In this study, Card found that the large inflow of workers to Miami did not lead to a rise in unemployment, nor a reduction in wages in comparison to other cities, which some people had feared it would. The findings of this research are more nuanced according to Card because migration and immigration are more emotional topics to people than say the minimum wage.
“You can always find some economists who will say that immigration is terrible,” says Card. “But historically, immigration was seen as a positive force for the economy by most economists. And the only concern about immigration was that there might be some negative effect on low skilled workers who are most competitive with low skilled immigrants. And I would say that some of my research and lots of research by other people has suggested that those negative effects are fairly small.”
Closing the gender gap in economics
Closing the gender gap in economics
Another area where Card has used similar natural experiments to highlight inequality is within his own field of economics. Card and his co-authors wanted to explore whether female authored economic papers are judged more harshly than their male counterparts. They took all submissions from four major economic journals and used how many citations it gets after publishing as a way to measure a paper’s overall quality. If a paper was initially rejected but ultimately went on to get a lot of citations, there would be evidence that a negative bias against female authors and female teams existed. While Card said it wasn’t a huge difference that they found, it was a significant difference.

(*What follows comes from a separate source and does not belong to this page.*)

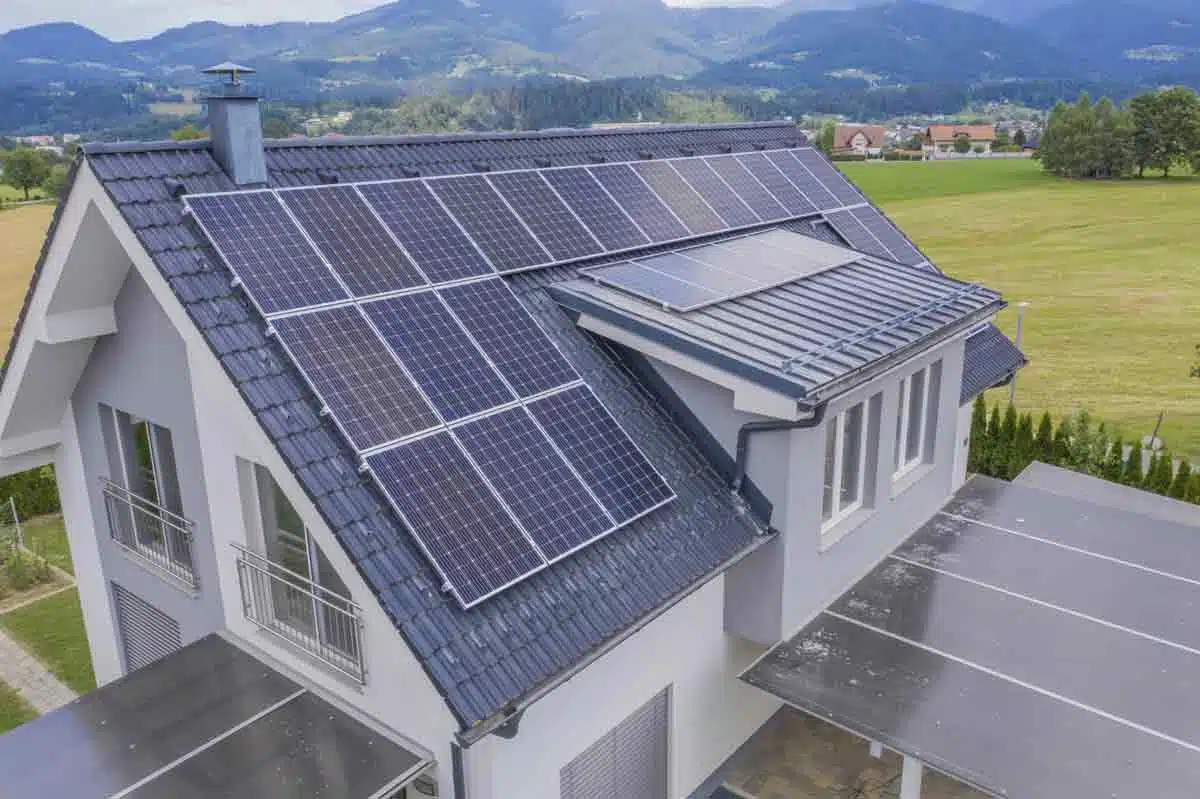 My House Doesn’t Face South, Can I Still Use Solar Power?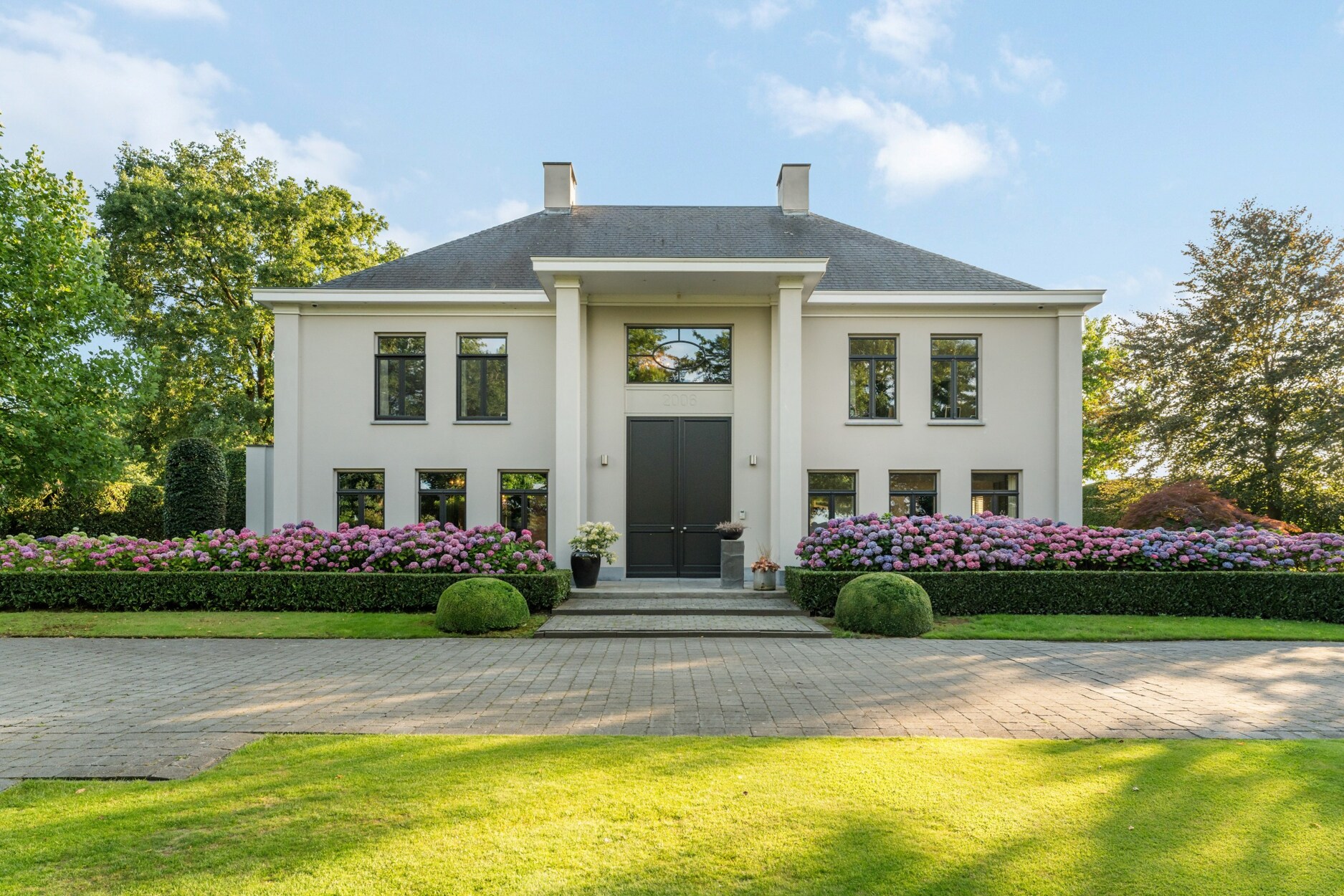 Tijdloze villa op 3.187 m² nabij Nederlandse grens te Weelde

“We knew the gender of the referees and we didn't find any evidence that female referees or male referees treated female submissions differently,” says Card. “But it looked like, in fact, everybody is a little harsher on female author papers.”
Looking ahead
Looking ahead
Card never set out to focus on political leaning issues, nor does he make policy suggestions. Yet his work has fundamentally shifted how many components of the labor market actually work, so with his current focus on locational wage differences, there may be more Card-inspired changes in store.

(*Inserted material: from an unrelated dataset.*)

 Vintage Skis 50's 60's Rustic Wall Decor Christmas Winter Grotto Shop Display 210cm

“For a very long time it was very hard to do. The data to do that locational wage difference analysis in the United States has just become available,” says Card. “I’m trying to understand what it is about certain areas of the United States where it seems like people have relatively modest education levels that they have pretty limited job opportunities. And that cycle seems to be repeating so the children growing up there are also not doing particularly well. I’m trying to understand why that is, what's wrong with those regions? Why don't employers invest there?”
While he’s focusing on data within the US at the moment, the question of why wages are enormously higher in some places than other presents itself in almost every country.
“Some of that seems to be about where employers want to locate and are willing to pay higher wages there,” he says. “Workers that are, for instance, in Northern California earn a large wage premium relative to other parts of the country, but it's extremely expensive to live here. Workers that move from one place to another experienced some gains in wages, but not enough to actually offset the costs of that. In Britain, the same thing is true in London versus the rest of Britain. It's difficult to know how to fix that or what kind of things to recommend about that.”
The complexities that lay within locational wage differences and economic circumstances also contribute to the difficulty one would face in proposing a national minimum wage. And this again reinforces Card’s view that labor economics is crucial to the field of economics.
“There are parts of every country where it seems like things aren’t going well and we don't really understand why,” says Card. “If we could make a little bit of progress there, it would really help us to understand the way the labor market and society is functioning.”